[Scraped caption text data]
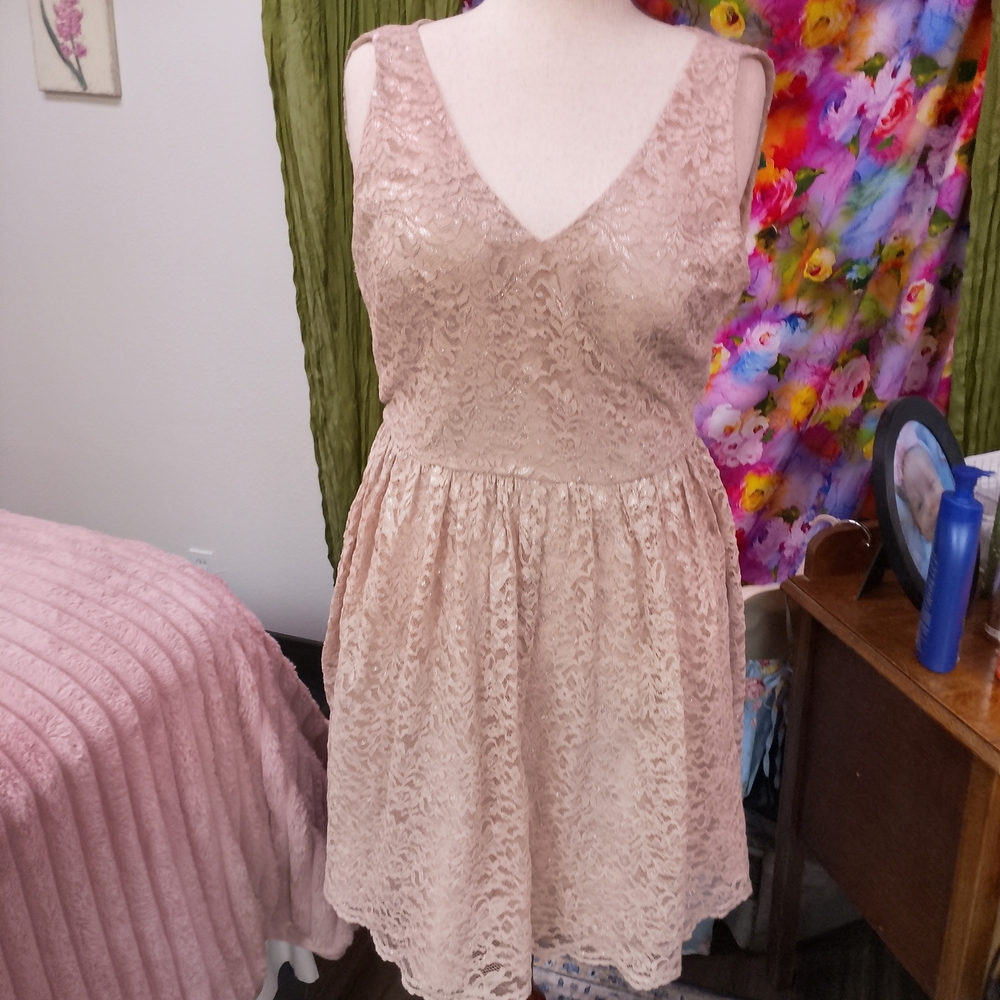 Jessica Howard Blush Lace Mini Dress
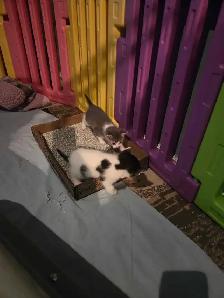 kittens for rehoming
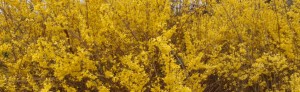 yellow_trees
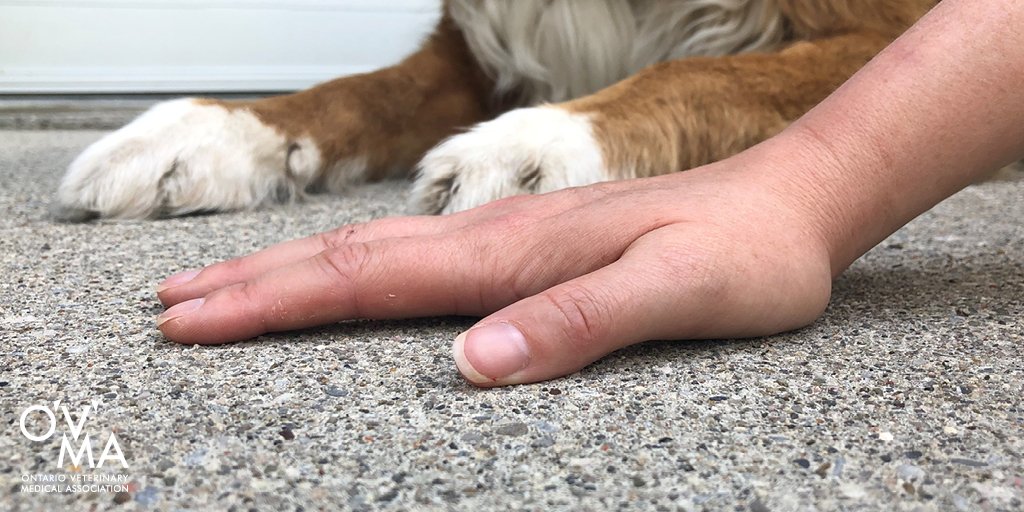 OnVetMedAssoc's tweet photo. Before you head outside, remember the five-second rule: place your hand on the concrete for five seconds - if it's too hot for you, it's too hot for your pet. https://t.co/kY2lJffcVA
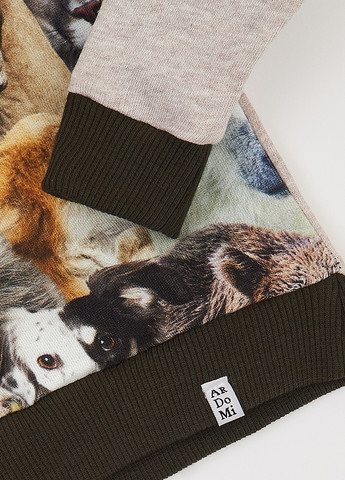 Комбинированный демисезонный костюм (свитшот, брюки) брючный ArDoMi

__Problem to solve__: Pictures stay out of this copy. Retype exactly the lines from the one with "kittens for rehoming" through the last line of the data, both ends included, and nothing more.

__Exercise solution__:
 kittens for rehoming
 yellow_trees
 OnVetMedAssoc's tweet photo. Before you head outside, remember the five-second rule: place your hand on the concrete for five seconds - if it's too hot for you, it's too hot for your pet. https://t.co/kY2lJffcVA
 Комбинированный демисезонный костюм (свитшот, брюки) брючный ArDoMi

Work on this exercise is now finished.